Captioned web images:
■ ■ ■ ■ ■

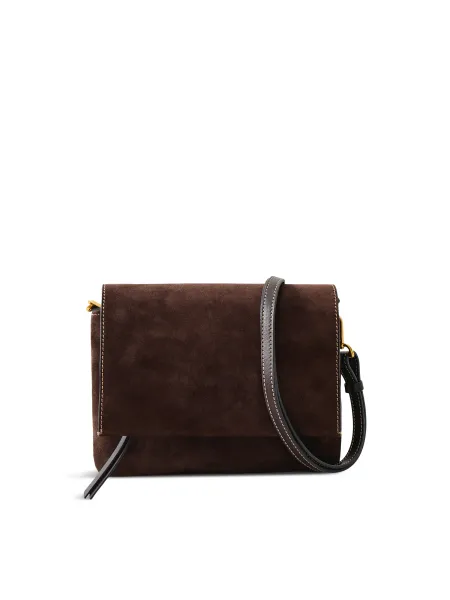 Three Suede Small Crossbody Bag
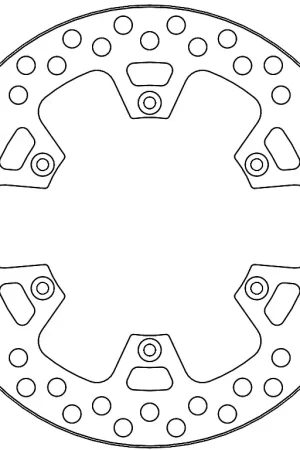 MOTO MASTER - VINTAGE REAR DISC - Brake Discs - SUZ. RM125/250 '99-2005 Exclusief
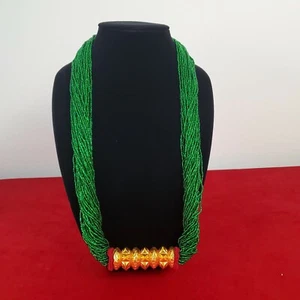 22k Dubai Gold plated maili tilhari Nepali Bollywood Necklace  - Picture 1 of 3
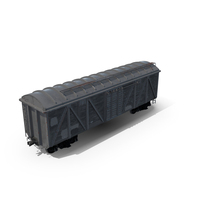 Cargo Wagon Black PNG & PSD Images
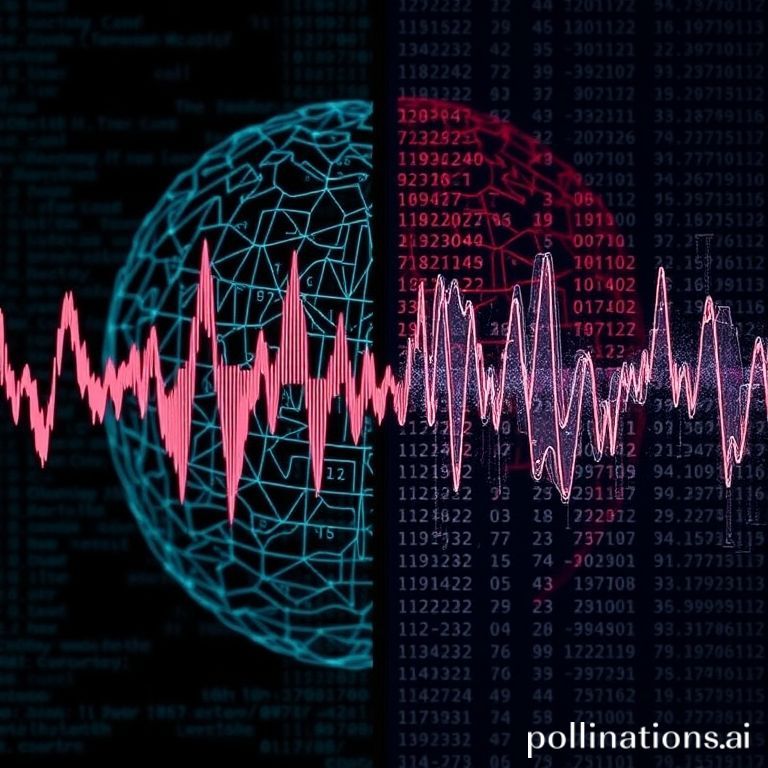 EEG waveforms next to SHA-256 hex digest strings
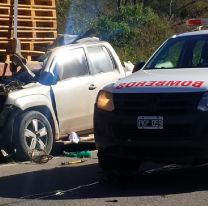 Terrible accidente en el acceso a Salta: el conductor de la camioneta murió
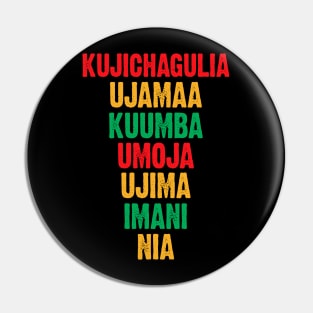 The Seven Principles of Kwanzaa Pin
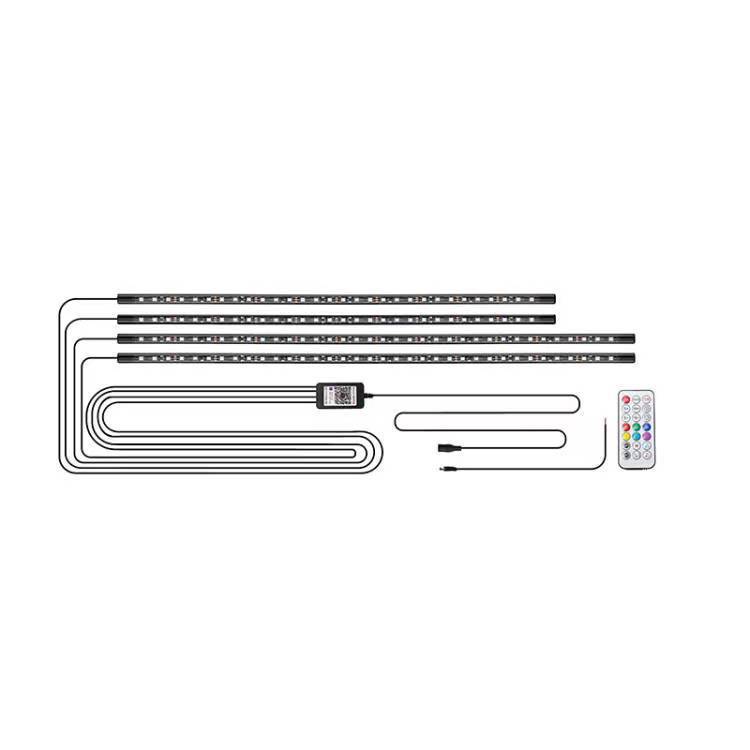 Luz de chasis de color mágico del coche APP streamer Luz de agua corriente música ritmo luz LED faro del coche Barra de luz decorativa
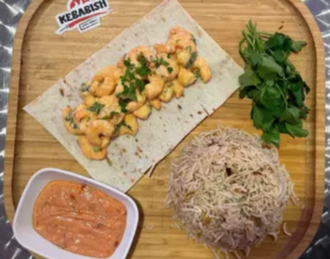 Jumbo Sarımsaklı Karides & Pilav görseli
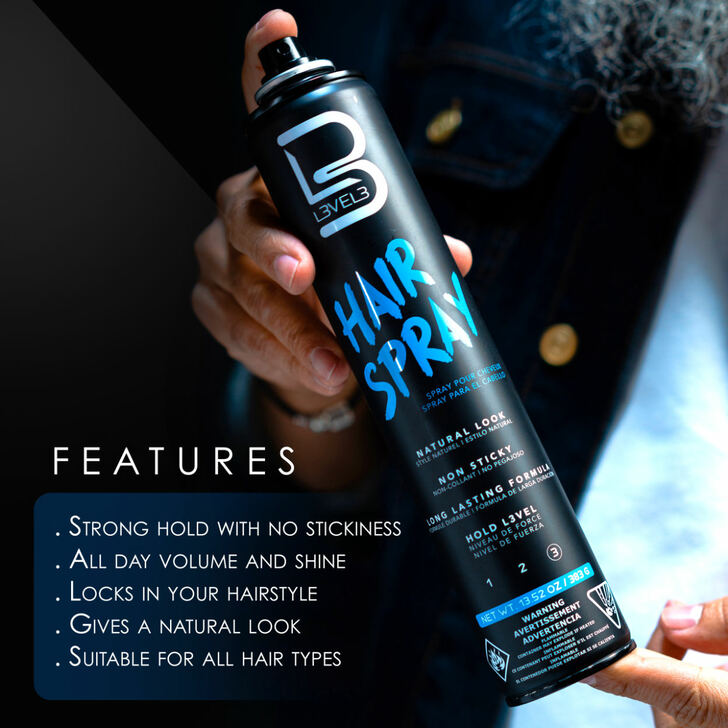 L3VEL3 Strong Hold Hair Spray 13.5oz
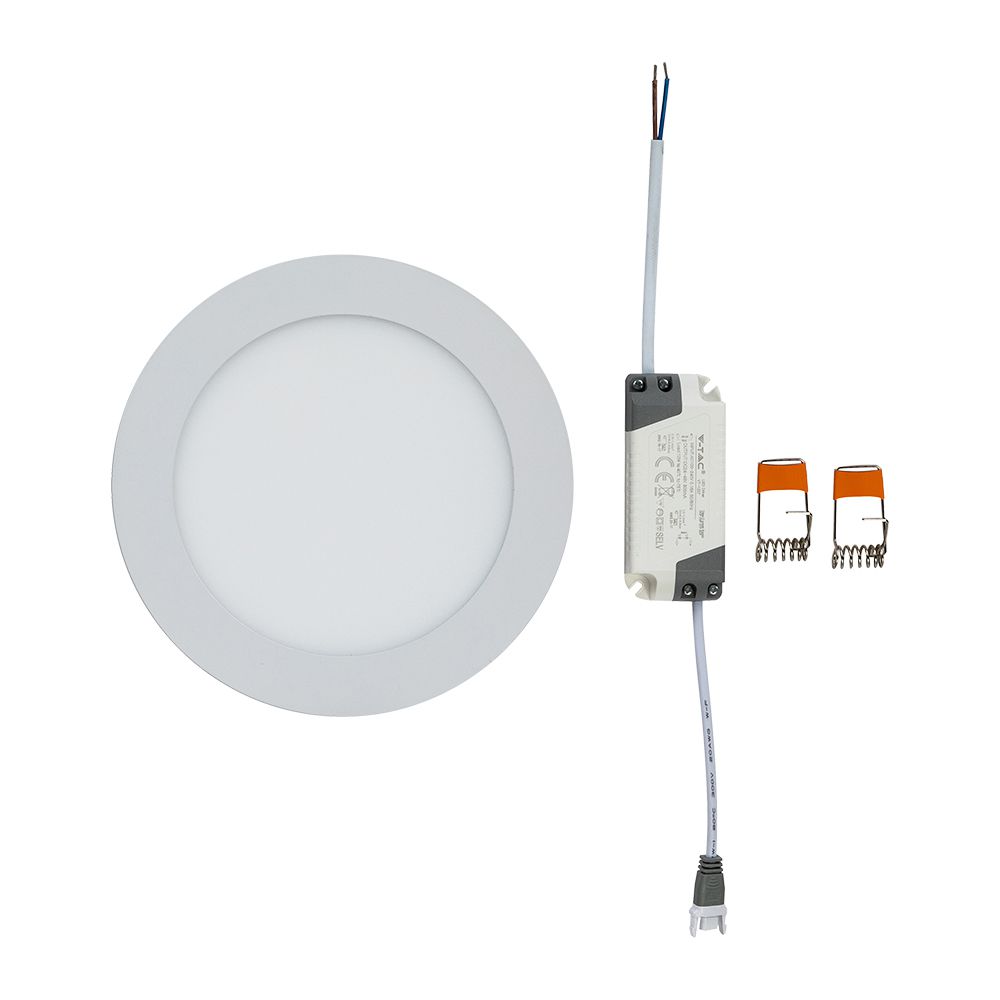 12W Panel LED / Barwa:3000K / Okrągła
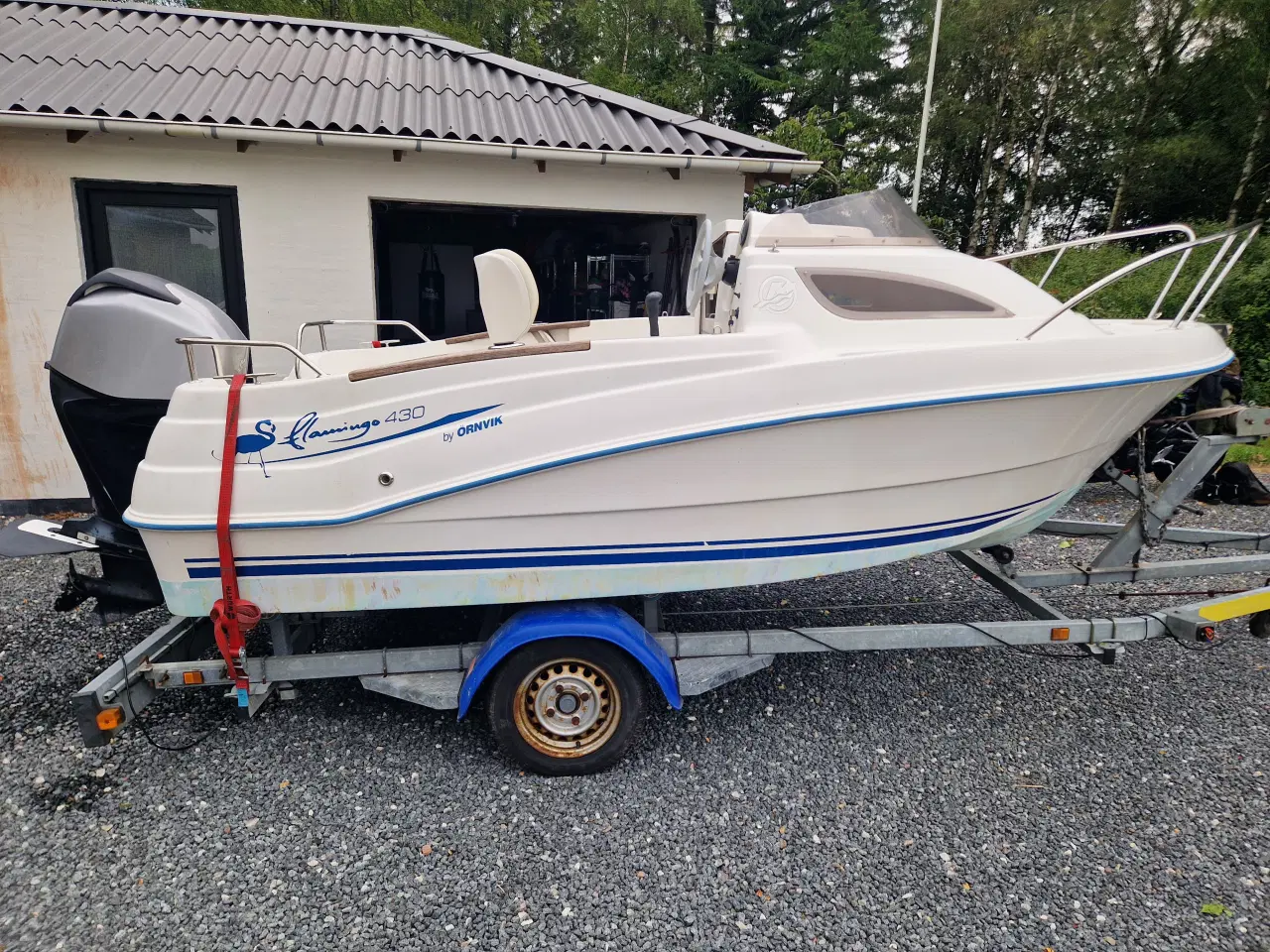Billede 1 - Örnvik 430 Flamingo m. Mercury EFI 4-takt 50 hk
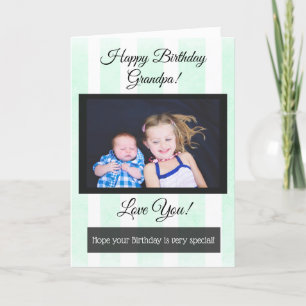 Joyeux grand-père d'anniversaire Carte photo perso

■ ■ ■ ■ ■

### What this task involves
Write the entries above out again exactly, but not the pictures.

### Result for this task
 Three Suede Small Crossbody Bag
 MOTO MASTER - VINTAGE REAR DISC - Brake Discs - SUZ. RM125/250 '99-2005 Exclusief
 22k Dubai Gold plated maili tilhari Nepali Bollywood Necklace  - Picture 1 of 3
 Cargo Wagon Black PNG & PSD Images
 EEG waveforms next to SHA-256 hex digest strings
 Terrible accidente en el acceso a Salta: el conductor de la camioneta murió
 The Seven Principles of Kwanzaa Pin
 Luz de chasis de color mágico del coche APP streamer Luz de agua corriente música ritmo luz LED faro del coche Barra de luz decorativa
 Jumbo Sarımsaklı Karides & Pilav görseli
 L3VEL3 Strong Hold Hair Spray 13.5oz
 12W Panel LED / Barwa:3000K / Okrągła
Billede 1 - Örnvik 430 Flamingo m. Mercury EFI 4-takt 50 hk
 Joyeux grand-père d'anniversaire Carte photo perso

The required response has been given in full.